**WHAT YOU ARE ASKED TO DO**. Return all the lines below exactly as written. Drop every picture.

**STORED DATA**.
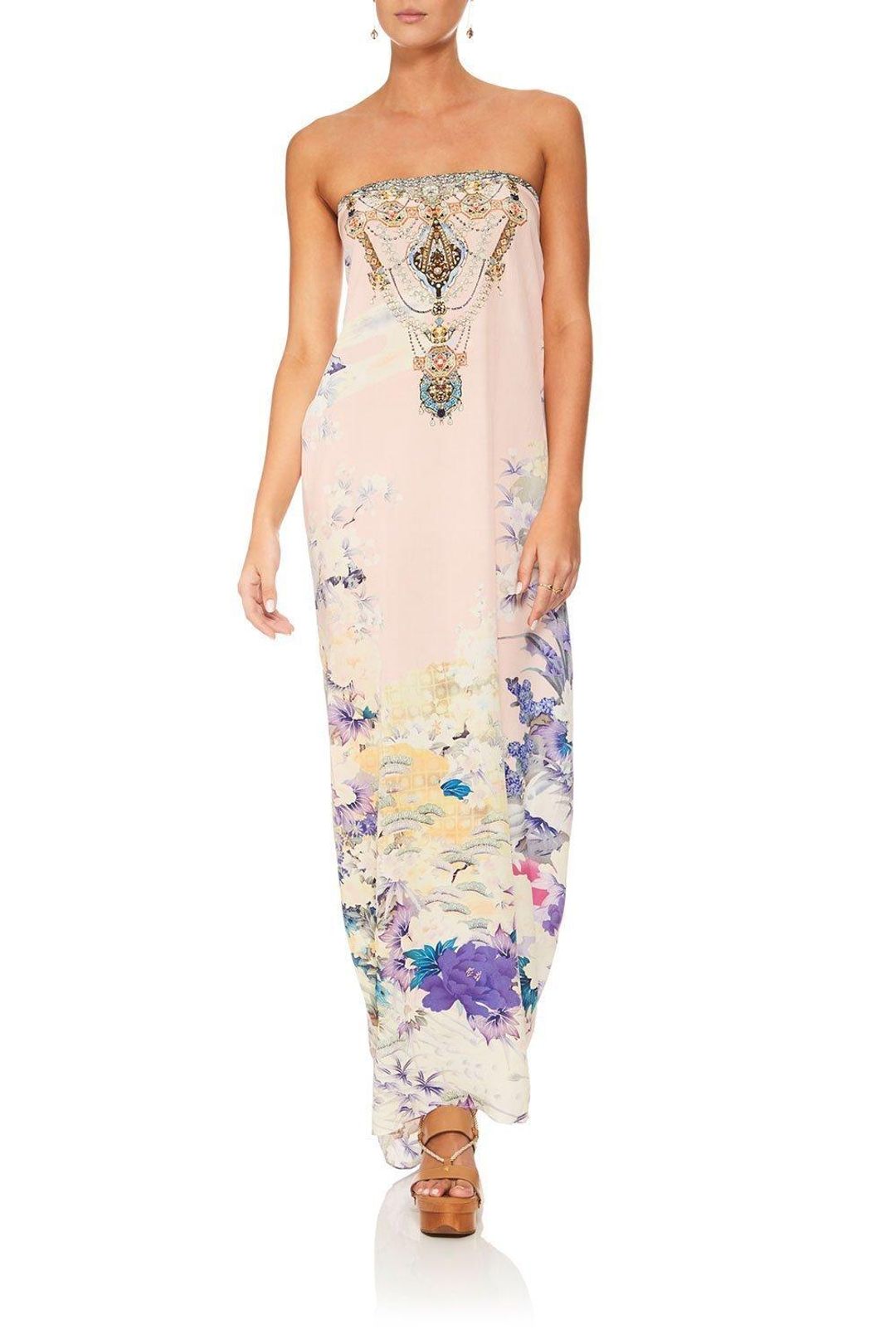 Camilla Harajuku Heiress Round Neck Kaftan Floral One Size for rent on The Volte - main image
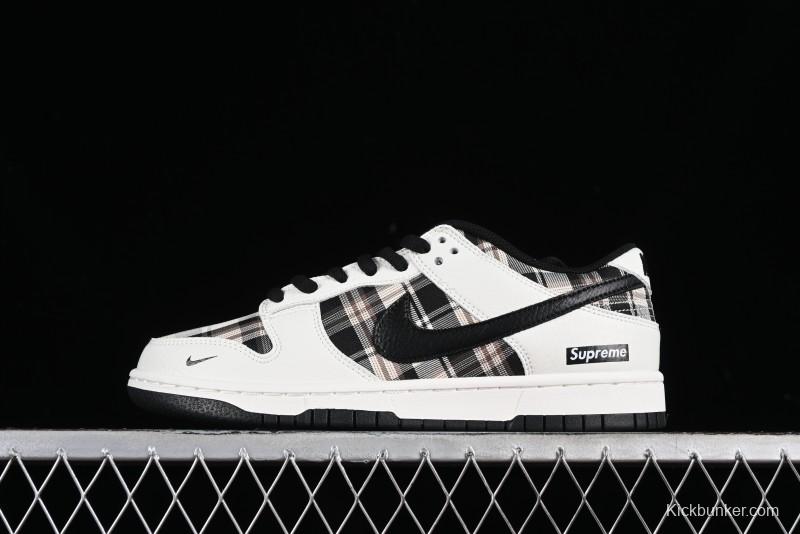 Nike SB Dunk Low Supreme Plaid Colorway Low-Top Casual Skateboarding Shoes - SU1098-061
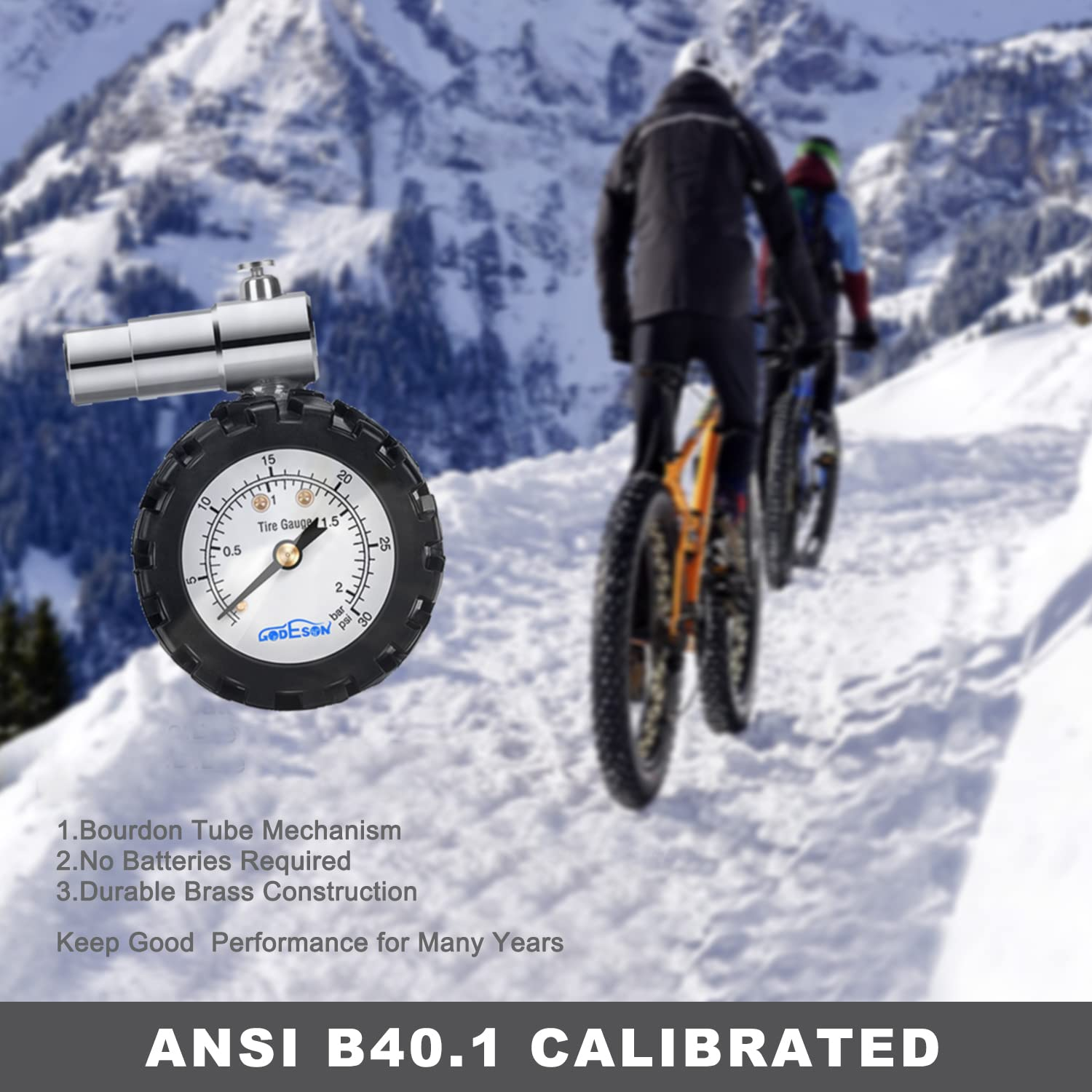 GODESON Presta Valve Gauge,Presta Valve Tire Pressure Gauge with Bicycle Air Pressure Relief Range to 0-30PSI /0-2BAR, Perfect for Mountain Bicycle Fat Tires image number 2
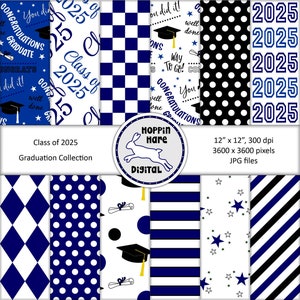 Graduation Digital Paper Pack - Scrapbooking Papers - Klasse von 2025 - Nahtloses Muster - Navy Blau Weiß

**RESULT OF THE TASK**.
 Camilla Harajuku Heiress Round Neck Kaftan Floral One Size for rent on The Volte - main image
 Nike SB Dunk Low Supreme Plaid Colorway Low-Top Casual Skateboarding Shoes - SU1098-061
 GODESON Presta Valve Gauge,Presta Valve Tire Pressure Gauge with Bicycle Air Pressure Relief Range to 0-30PSI /0-2BAR, Perfect for Mountain Bicycle Fat Tires image number 2
 Graduation Digital Paper Pack - Scrapbooking Papers - Klasse von 2025 - Nahtloses Muster - Navy Blau Weiß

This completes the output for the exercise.